Stephen Kimble had argued that a 1964 court ruling that banned royalty payments after a patent expired was outdated and anti-competitive, and needed to be overturned.
But the court, in a 6-3 decision, said it was bound by precedent, even if that “means sticking to some wrong decisions.” The opinion by Justice Elena Kagan said Congress is the proper venue for Kimble’s complaint.
Kimble said Monday he was disappointed with the ruling.
“It’s as if nobody is really defending this law, but they’re saying, ‘Go to Congress to change it, don’t come to us,’” he said in a phone interview. “It’s disappointing.”
In a dissent, Justice Samuel Alito said the majority opinion leaned on precedent to “reaffirm a clear case of judicial overreach” and in doing so, upheld a “baseless and damaging precedent.”
That precedent is Brulotte v.
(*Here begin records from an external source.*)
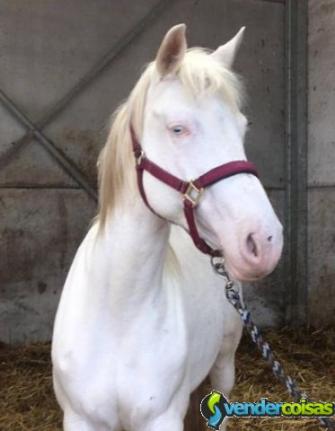 Cavalo bonito adorável para adoção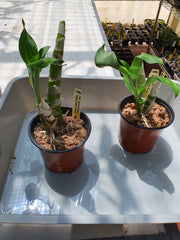 Fdk. Sunset Ridge 'Baker's wine Sunset' AM/ AOS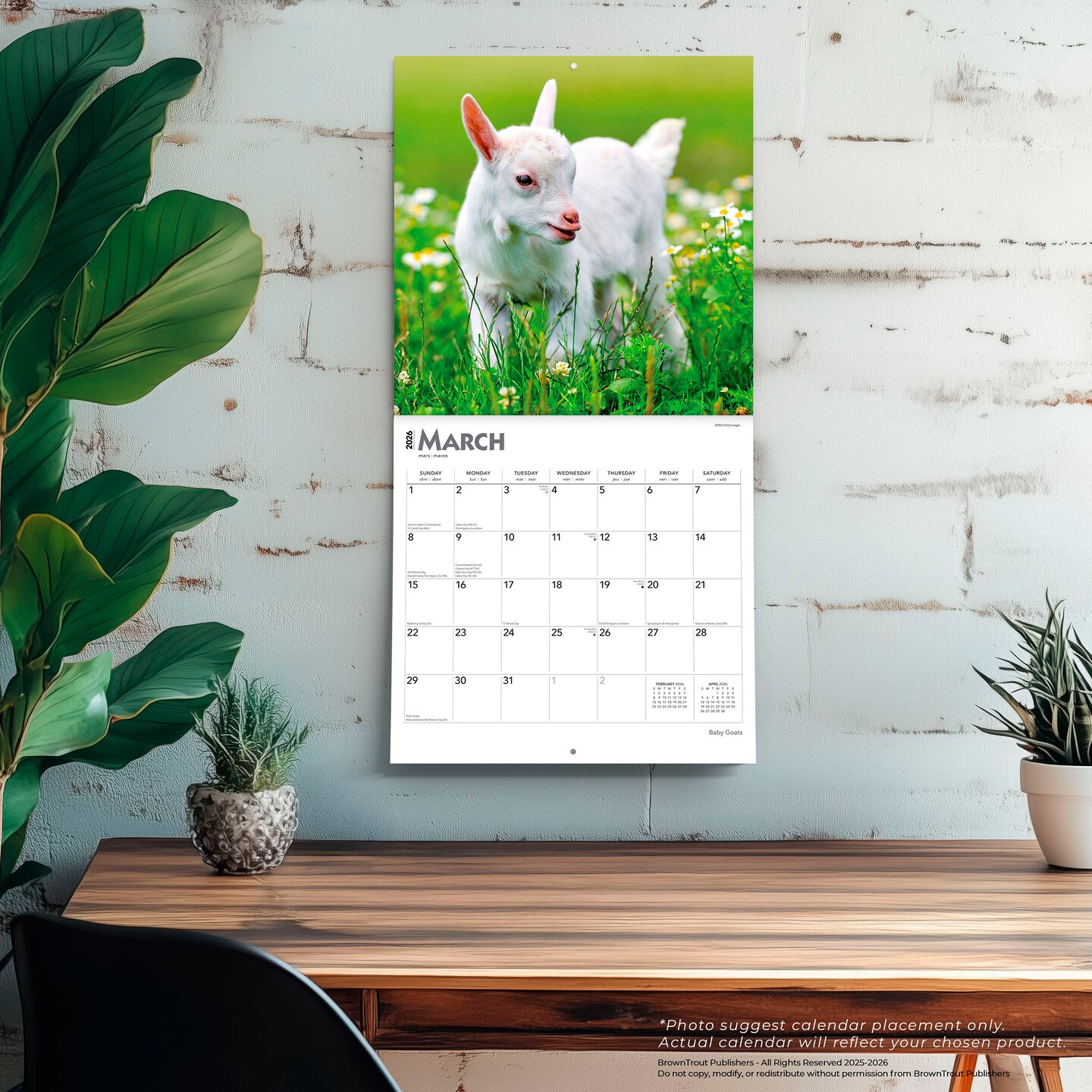 Baby Goats | 2026 12 x 24 Inch (Hanging) Monthly Square Wall Calendar | Plastic-Free | BrownTrout | Domestic Animals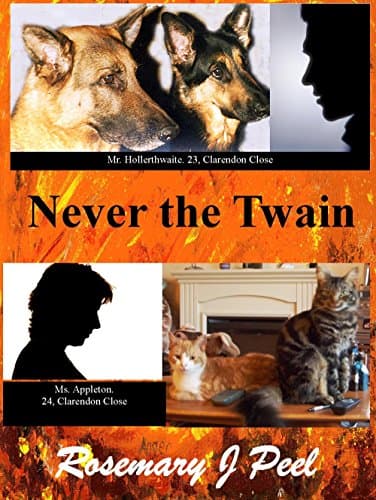 Image of Never the Twain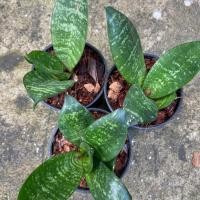 ราคา ต้นลิ้นมังกร SANSEVIERIA TRIFASCIATA ลิ้นมังกรเขียว (18806076251)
Thys, a 1964 decision in which the court said that paying royalties to a patent-holder after a patent expires violates the Patent Act.
In an opinion peppered with Spider-Man puns, Kagan said that there is a high bar for overturning a previous court ruling, and that Kimble did not meet it.
Kagan wrote that as long as there is “a reasonable possibility that parties have structured their business transactions in light of Brulotte, we have one more reason to let it stand.” Overturning it, she said, would upset expectations of parties to patent agreements.
“Patents endow their holders with certain superpowers, but only for a limited time,” Kagan wrote, as most patents are only valid for 20 years before entering the public domain.
But Alito, in a dissent joined by Chief Justice John Roberts and Justice Clarence Thomas, said that Brulotte was based on a now-discredited economic theory.
Preserving Brulotte “interferes with the ability of parties to negotiate licensing agreements that reflect the true value of a patent,” Alito wrote, adding that it is disruptive to contract expectations.
Alito said the court has re-examined antitrust precedents in the past, and sees “no reason why the same approach should not apply where the precedent is at issue.” He called Brulotte an “antitrust decision masquerading as a patent case,” said the court should reconsider that precedent.
The majority said that is not the case.
“When the patent expires, the patentee’s prerogatives expire too, and the right to make or use the article … passes to the public,” Kagan wrote.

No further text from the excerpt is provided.